I've been reminded of it again by a particularly spectacular piece of internet trolling.
There's been a bit of buzz about Twitter and Facebook users responding to the incomprehensibly catastrophic earthquake/tsunami/nuclear emergency in Japan with alleged quips like "Karma is a bitch" and "This is payback for Pearl Harbour".
Now, to anyone with just a light dusting of sense, these are mind-numbingly atrocious comments, rooted in the black heart of racism and pig-headed stupidity.
Nobody responded to the Queensland's natural disasters by saying "That's payback for the state's historical record of appalling treatment of indigenous Australians."

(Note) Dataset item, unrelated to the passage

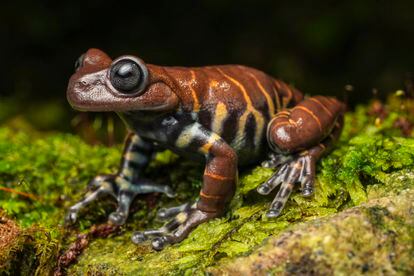 La Rana de chocolate de Antioquia (Hyloscirtus antioquia) es una rana endémica que se encuentra en estado vulnerable, también habita el territorio donde se ubica el 'Montañerito Paisa'.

Nobody responded to the tragedy in New Zealand by saying "That's for Xena: Warrior Princess".
And with good reason - the issues are wholly and utterly unrelated (and because Xena, sadly unlike Queensland's treatment of its indigenous peoples, is awesome).
So I wonder - when people are writing these types of comments, does there come a point in their minds when they think: "Am I the baddie?"

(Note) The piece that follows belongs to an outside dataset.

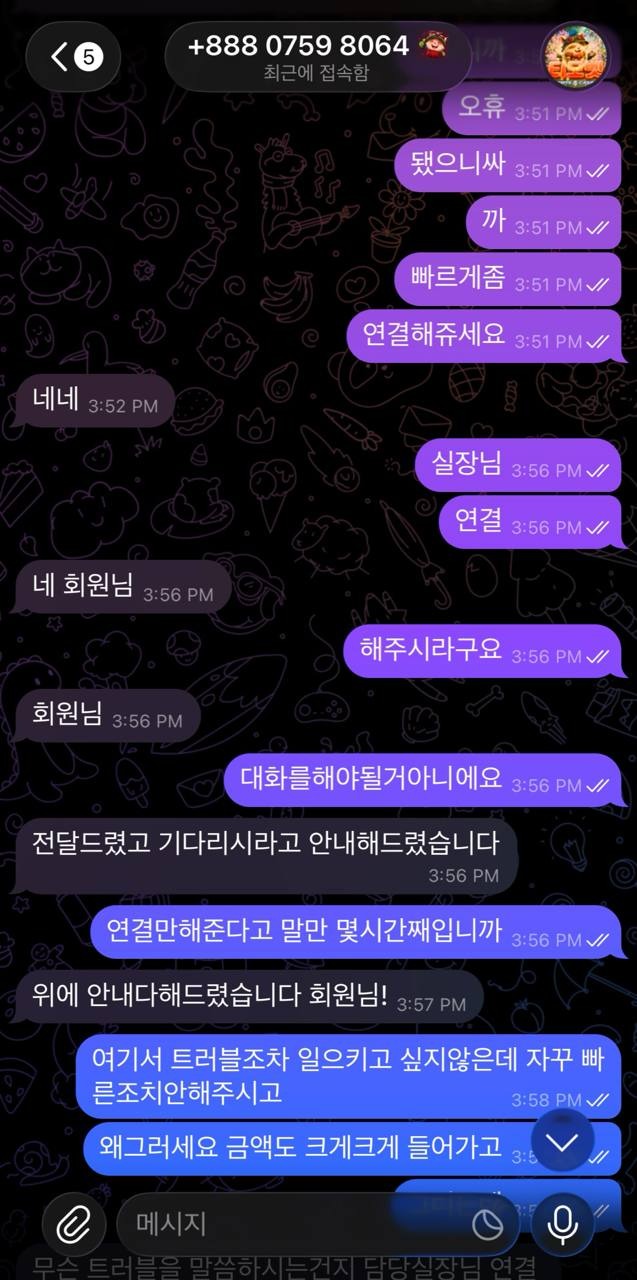 이미지 8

Leaving aside the fact that the internet can turn even the nicest of humans into a rabid trough-feeding cretin - the answer is, depressingly, "probably not".
The fact that you could spew such hateful comments when about half a second of rational thought would indicate to you that they were patently ridiculous, seems to suggest that some people are just "the baddies."

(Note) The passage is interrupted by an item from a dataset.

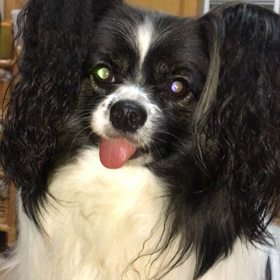 良い顔かな？の画像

I know I sometimes apply this question of "Am I the baddie?" to myself.
I like to think that I'm a basically decent person, who tries to be kind, and supportive and inclusive and gracious.
But I'm vulnerable to jealousy, pettiness, grumpiness, anger and hurt. I often say things I regret; I yearn for a "do-over", as our American friends would say, at least a few times every month. I've wished for people to fail; I've hated the fact I've failed; I've blamed others for problems of my own doing; I've said non-PC things; I've put on a false face; I've been guilty of schadenfreude. If my conscious were a judge, it would have the black hanging cap on.
And so, like David Mitchell's hapless Nazi, I see the skull branded on my own forehead and wonder if maybe I am the baddie.
Of course, what stops one going mad is knowing that there must be rankings of "badness".
I mean, I've never tried to apportion blame for a natural disaster onto a historical event, through a warped sense of cosmic revenge. So that's a start.
And I'm NOT Andrew Bolt, so I must be at least a few rungs higher than Andrew Bolt.